Image-text web data:
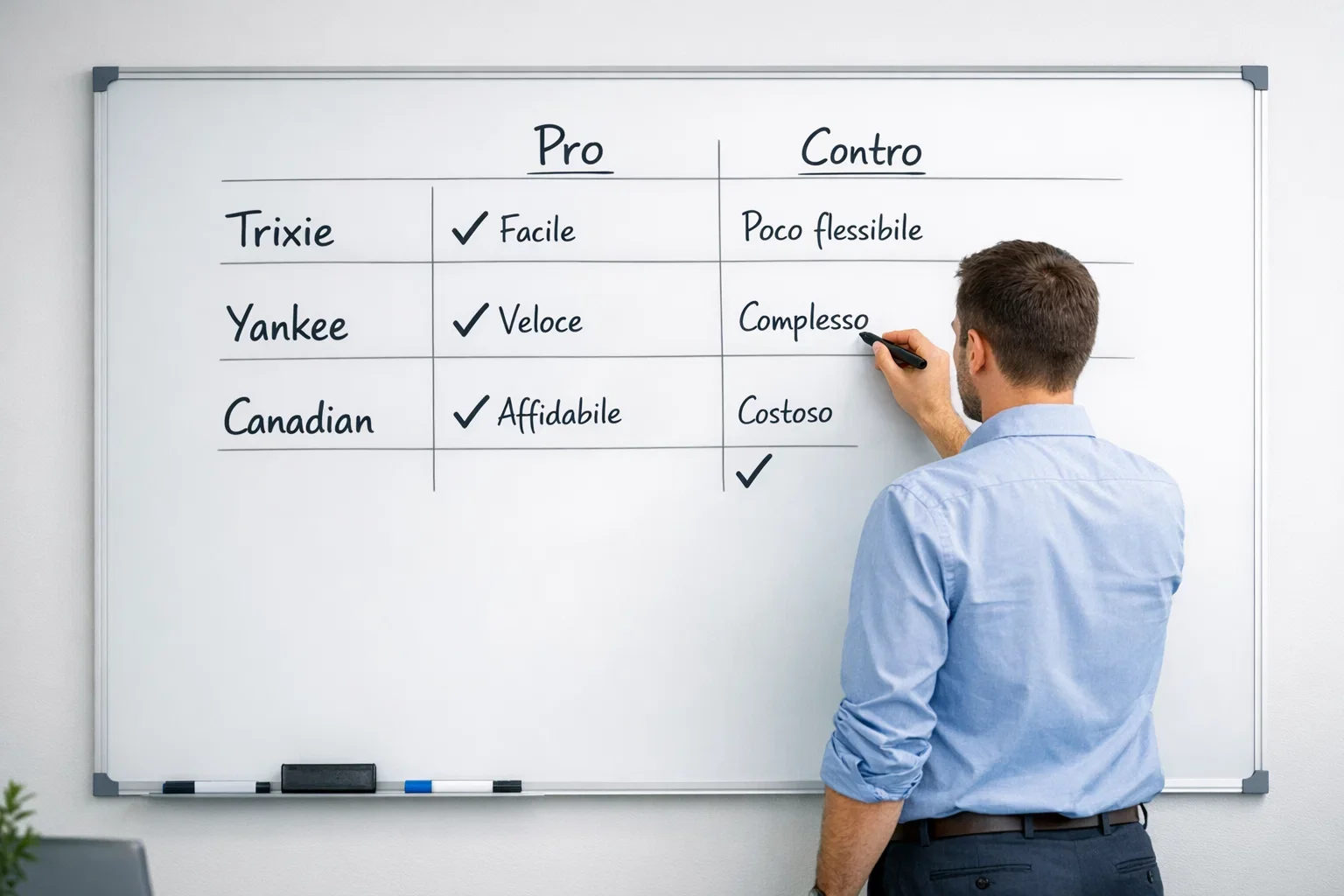Persona che valuta opzioni diverse con pro e contro su lavagna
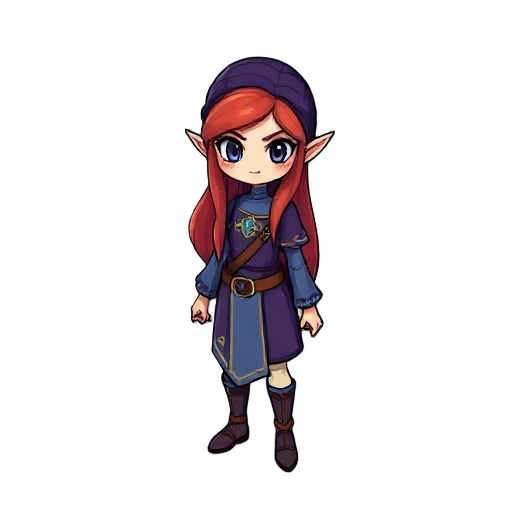 una bruja kawaii similar a link del juego legend of zelda, con una escoba, traje medio morado tirado a azul, con cabello largo y rubio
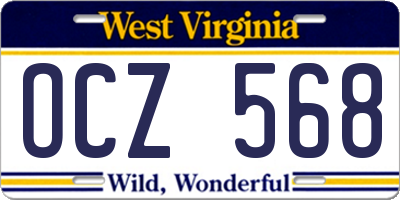 WV license plate OCZ568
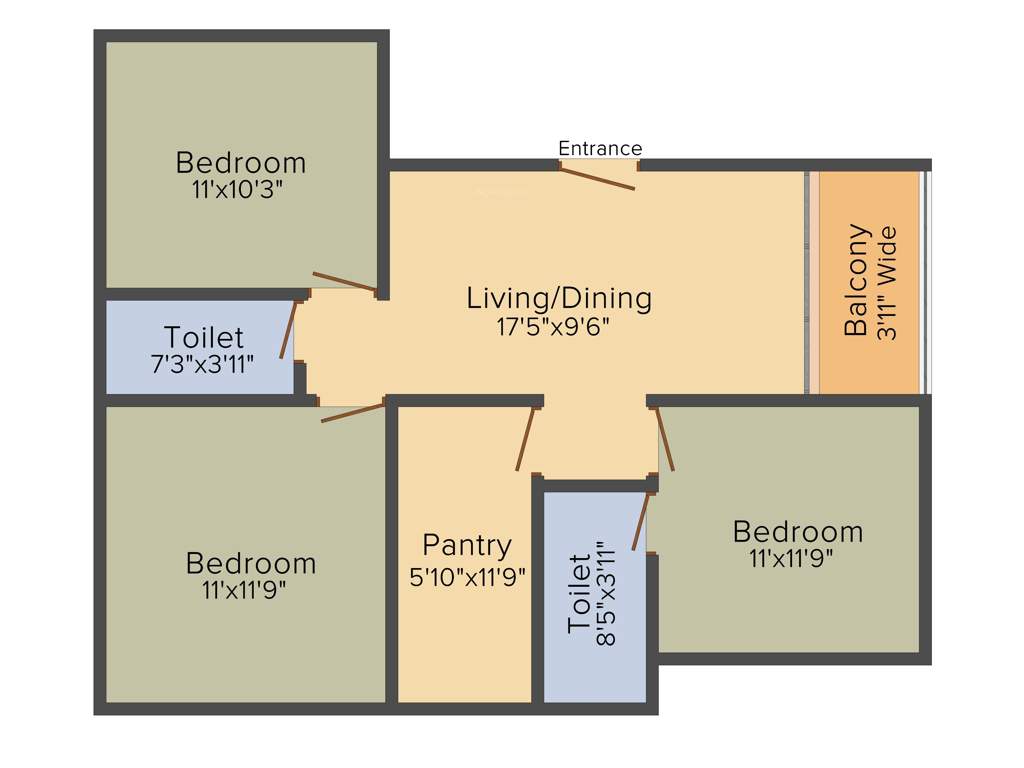 Rajwada Greenshire (3BHK+2T (1,094 sq ft) 1094 sq ft)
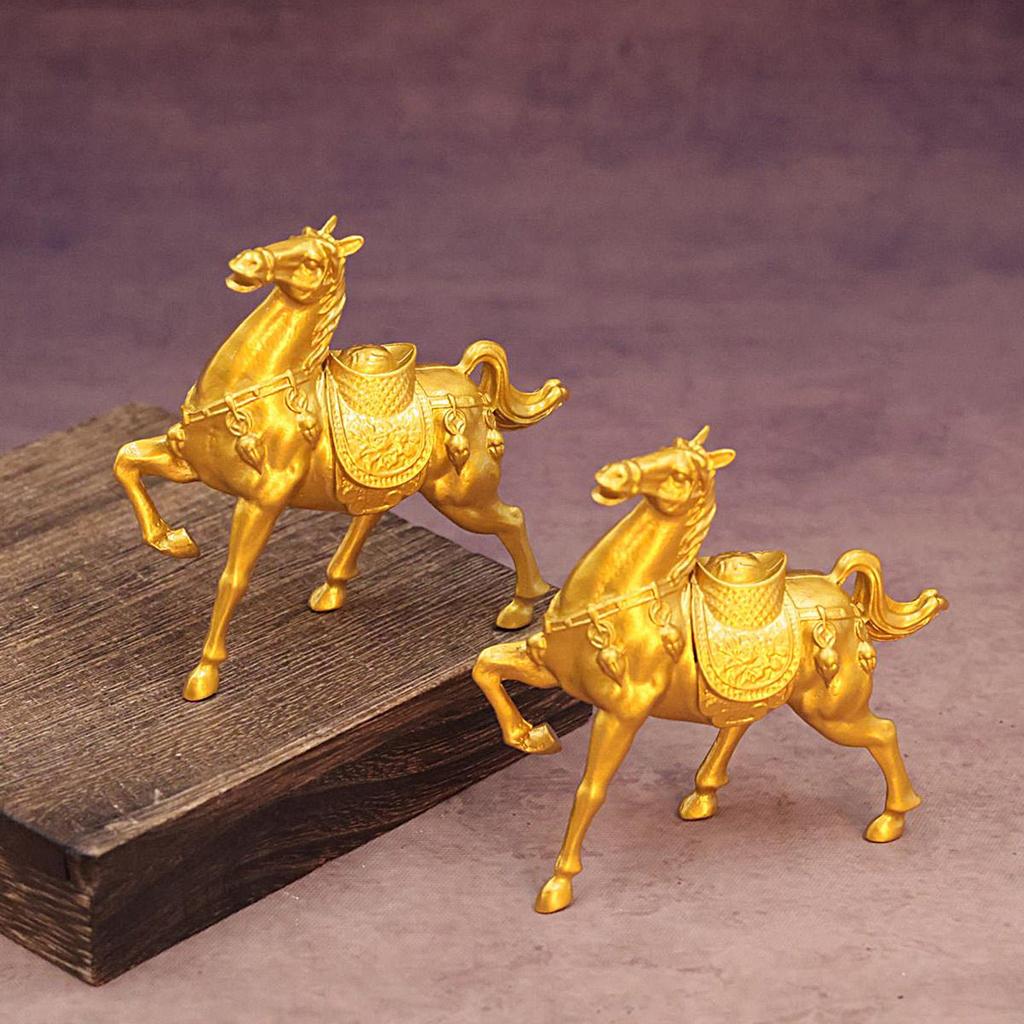 Металлическая статуэтка золотой лошади, талисман фэн-шуй, украшение года лошади, китайский Новый год, животное-символ богатства, фигурка для дома, офиса, настольное украшение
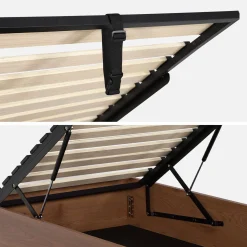 Opbergbed met lattenbodem 90x190cm houtdecor 1-persoons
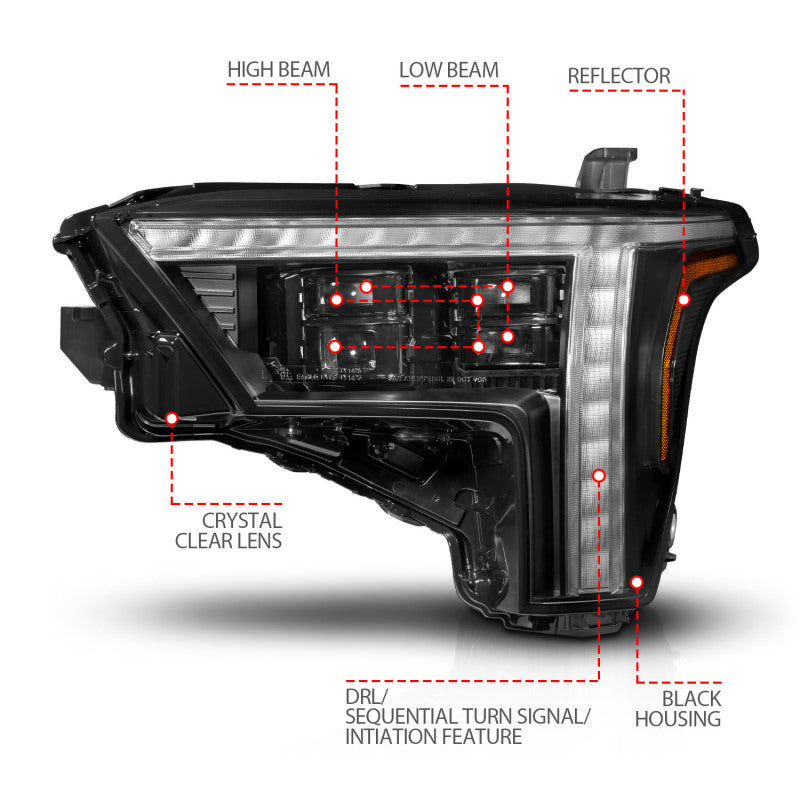 ANZO 22-24 Toyota Tundra (w/Factory LED Refl.) Z-Series Full LED Proj Headlights - Pass. Side ONLY 111599X-R 111599X-R User 1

Exercise requirements: Beginning with the line that contains "Rajwada Greenshire (3BHK+2T", repeat every remaining line of the data exactly, the last line included, and omit pictures.

Task output:
 Rajwada Greenshire (3BHK+2T (1,094 sq ft) 1094 sq ft)
 Металлическая статуэтка золотой лошади, талисман фэн-шуй, украшение года лошади, китайский Новый год, животное-символ богатства, фигурка для дома, офиса, настольное украшение
 Opbergbed met lattenbodem 90x190cm houtdecor 1-persoons
 ANZO 22-24 Toyota Tundra (w/Factory LED Refl.) Z-Series Full LED Proj Headlights - Pass. Side ONLY 111599X-R 111599X-R User 1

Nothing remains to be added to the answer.